Implementation specific hyperparameters can be added here. Please follow these steps: a) Add each hyperparameter as an object of type HyperParam to the internal hyperparameter

space object self._hyperparam_space

  1. Create hyperparameter tuple and bind to self._hyperparam_tuple

  2. Set default value for each hyperparameter

Parameters:

p_par (Dict) – Further model specific hyperparameters, that are passed through constructor.

_reset(p_seed=None)

Custom method to reset the system to an initial/defined state. Use method _set_status() to set the state.

Parameters:

p_seed (int) – Seed parameter for an internal random generator

get_cycle_limit() int

Returns limit of cycles per training episode.

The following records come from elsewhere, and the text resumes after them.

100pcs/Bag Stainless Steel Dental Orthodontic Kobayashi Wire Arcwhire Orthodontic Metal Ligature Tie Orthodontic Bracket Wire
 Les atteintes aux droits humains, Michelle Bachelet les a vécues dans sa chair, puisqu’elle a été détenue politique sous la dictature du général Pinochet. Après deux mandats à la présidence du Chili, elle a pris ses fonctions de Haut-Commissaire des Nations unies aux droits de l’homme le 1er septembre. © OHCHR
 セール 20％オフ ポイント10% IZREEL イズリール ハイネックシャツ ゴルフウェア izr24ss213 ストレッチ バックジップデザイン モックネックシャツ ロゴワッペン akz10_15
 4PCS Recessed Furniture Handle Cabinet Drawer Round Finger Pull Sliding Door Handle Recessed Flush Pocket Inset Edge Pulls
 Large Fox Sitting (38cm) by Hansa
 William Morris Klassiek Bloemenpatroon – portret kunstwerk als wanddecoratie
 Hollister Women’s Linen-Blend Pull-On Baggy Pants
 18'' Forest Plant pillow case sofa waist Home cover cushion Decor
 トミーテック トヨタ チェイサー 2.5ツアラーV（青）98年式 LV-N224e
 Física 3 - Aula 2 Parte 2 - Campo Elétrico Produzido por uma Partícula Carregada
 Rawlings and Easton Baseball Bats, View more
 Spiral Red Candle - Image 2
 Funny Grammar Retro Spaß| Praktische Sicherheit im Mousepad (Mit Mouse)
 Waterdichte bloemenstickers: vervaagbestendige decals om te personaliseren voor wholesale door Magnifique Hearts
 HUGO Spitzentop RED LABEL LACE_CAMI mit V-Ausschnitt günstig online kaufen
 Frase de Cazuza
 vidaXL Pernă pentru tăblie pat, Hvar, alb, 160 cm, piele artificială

_process_action(p_action: Action) bool

Custom method for state transition. To be implemented in a child class. See method process_action() for further details.

switch_adaptivity(p_ada: bool)

Switches adaption functionality on/off.

Parameters:

p_ada (bool) – Boolean switch for adaptivity

adapt(**p_kwargs) bool

Reactivated adaptation mechanism. See method Model.adapt() for further details.

_adapt(p_sars_elem: SARSElement) bool

Adapts the environment model based on State-Action-Reward-State (SARS) data.

Parameters:

p_sars_elem (SARSElement) – Object of type SARSElement.

get_adapted() bool

Returns True, if the model was adapted at least once. False otherwise.

get_accuracy()

Returns accuracy of environment model as average accuracy of the embedded adaptive functions.

clear_buffer()

Clears internal buffer (if buffering is active).